Paddling the Wonalancet River

Summary
OwnerMITOC Gallery Administrator
Creation Date2007-04-30 00:27:06 UTC-0400
Description


Paddling the Wonalancet
April 29, 2007
Greg, Chris, Sam, Rachel

It feels good to be in a boat again!
It's time to seriously consider that spring is upon us! Greg and I originally hoped to go skiing up in Oakes Gulf, since he missed it last weekend (sucker!). Then, rain was forecasted for the weekend. While most skiiers and hikers might frown, we did a high five: it meant the paddling would be awesome. Note: This is known as outdoor recreation porfolio management.

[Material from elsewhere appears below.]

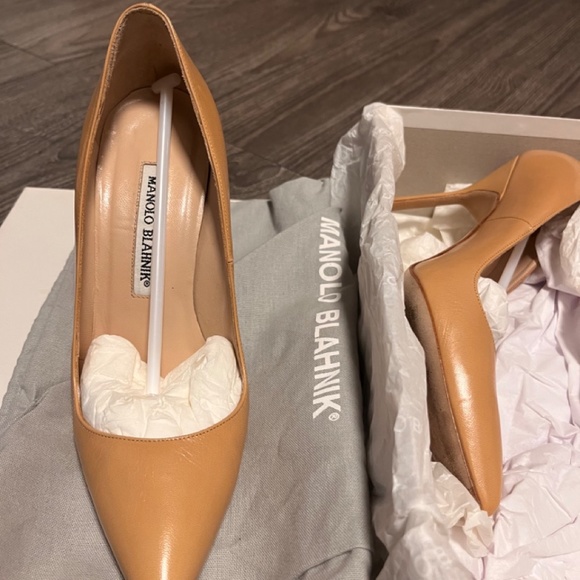 Manolo Blahnik, Classic Stilettos, Size 5.5, Camel Colour - Picture 2 of 4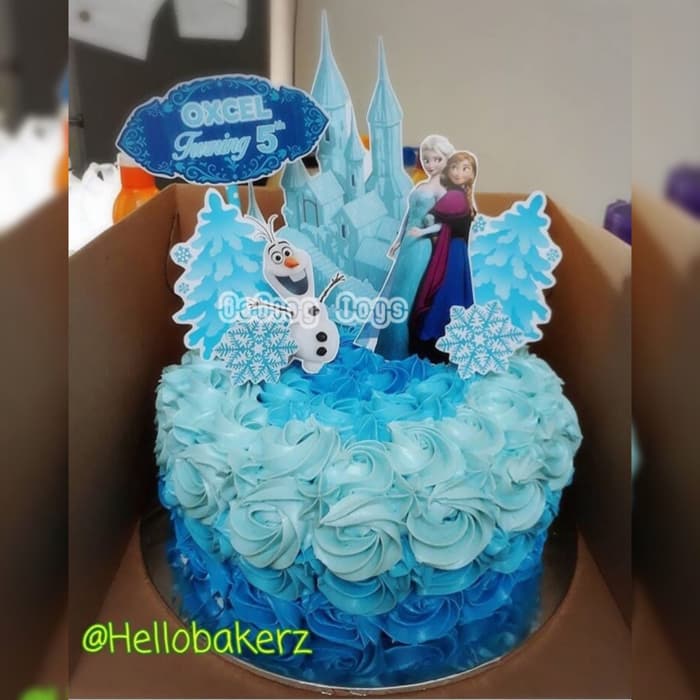 Featured image of post Topper Kue Ultah Frozen Tampak beberapa kue ultah berjejer di meja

You need a portfolio of sports that you enjoy so that you can have fun outside, regardless of the forecast.

I joined Sam, Rachel and Greg at the Dunkin' Donuts (Semi-official sponsor of all MITOC trips) at exit 23, then we headed to check out the Bearcamp and the Wonalancet (actually, it's called th Swift, but paddlers call it the Wonalancet to cut down confusion with another river nearby called the Swift.) The Wonalancent was prime, and when it's good, it's hard to turn down. We ventured another mile or so upstream from the normal put in to the first place the Wonalancet passed under 113A. Good call! It was well worth it.

The Wonalancet is a FUN river. It's class III, but very creeky. It's very narrow and quick. It kicked my butt last year (I swam twice and got hung on a scary strainer another time). This year, I handled it with the greatest of ease. We all had a blast hopping around eddy to eddy, running little drops, and weaving our way through rock gardens. We had one larger drop of about 6 feet near the end of the run that was fun and easy.

We had to portage thrice on account of river-wide strainers (trees across the river). I'm not complaining--the scenery was amazing, the water temp wasn't too cold, and the water level moved us along.

It was a great day paddling any way you look at it. The Wonalancet really is one of the most fun Class III rivers out there. Such a blast!

I'm sorry the pics aren't better. I'd try to run something, then quickly hop into an eddy, open up my PFD, pull out the Otter Box, then get out the camera, turn it on.......by that time I was usually rushing to get off a quick snap of Rachel finishing the tail end of the rapid!